▶ [What to do]: Copy exactly, and only, the lines from the one with "102 Yellow Hawthorn Circle" to the end of the listing; omit pictures.

───── Given entries

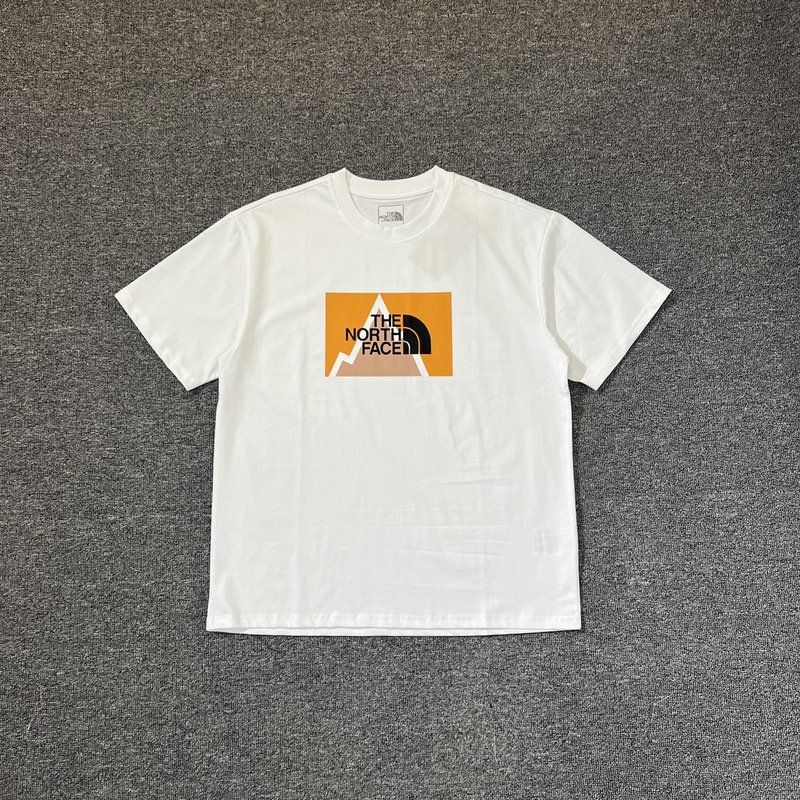Футболка The North Face Top "White" фото № 2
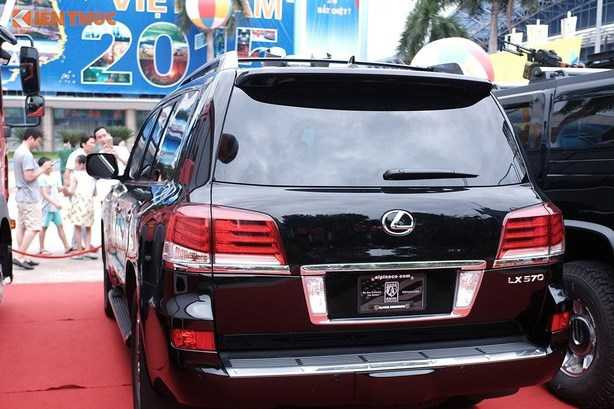 can-canh-lexus-lx570-boc-thep-cua-cong-an-viet-nam-hinh-6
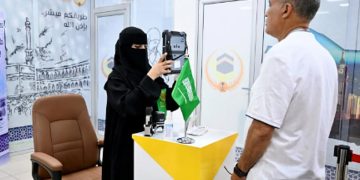 كوادر سعودية في مبادرة «طريق مكة» بالرباط تخدم ضيوف الرحمن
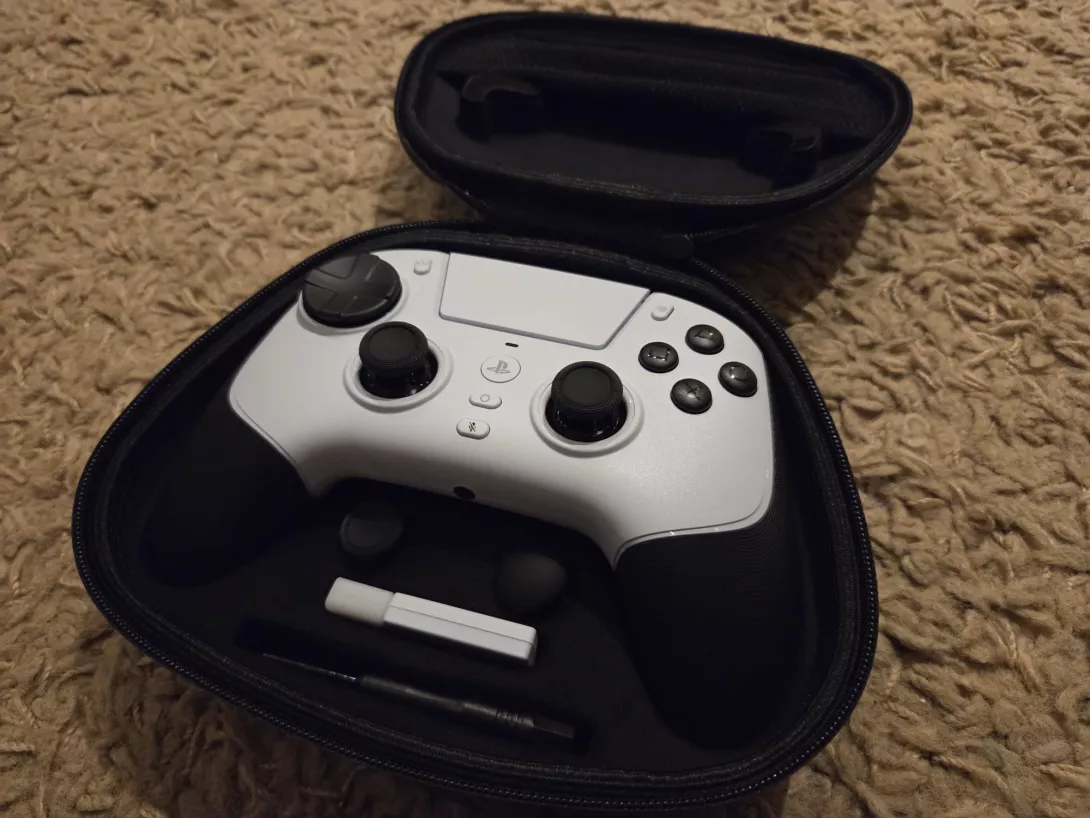 razer kotelo.jpeg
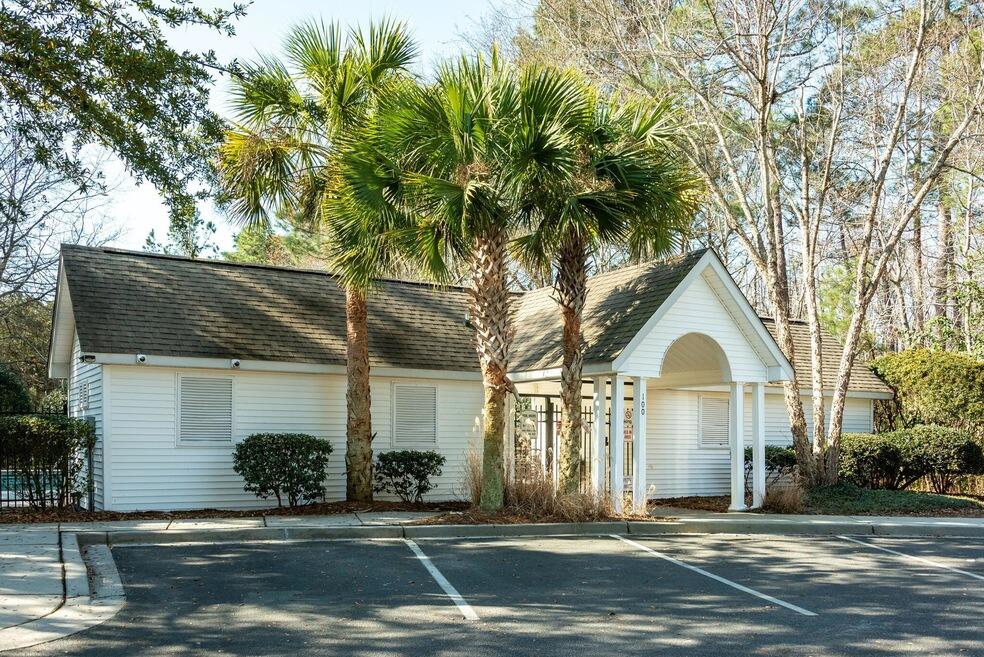 102 Yellow Hawthorn Circle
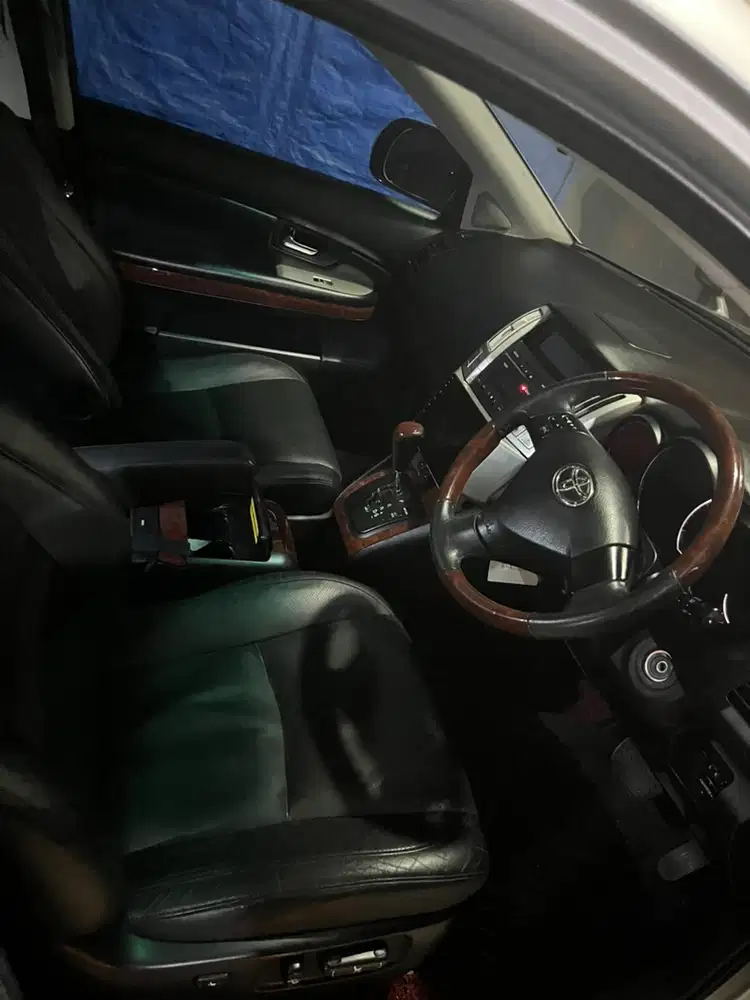 Toyota Harrier 2010 Bensin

──────────

▶ [Task response]:
 102 Yellow Hawthorn Circle
 Toyota Harrier 2010 Bensin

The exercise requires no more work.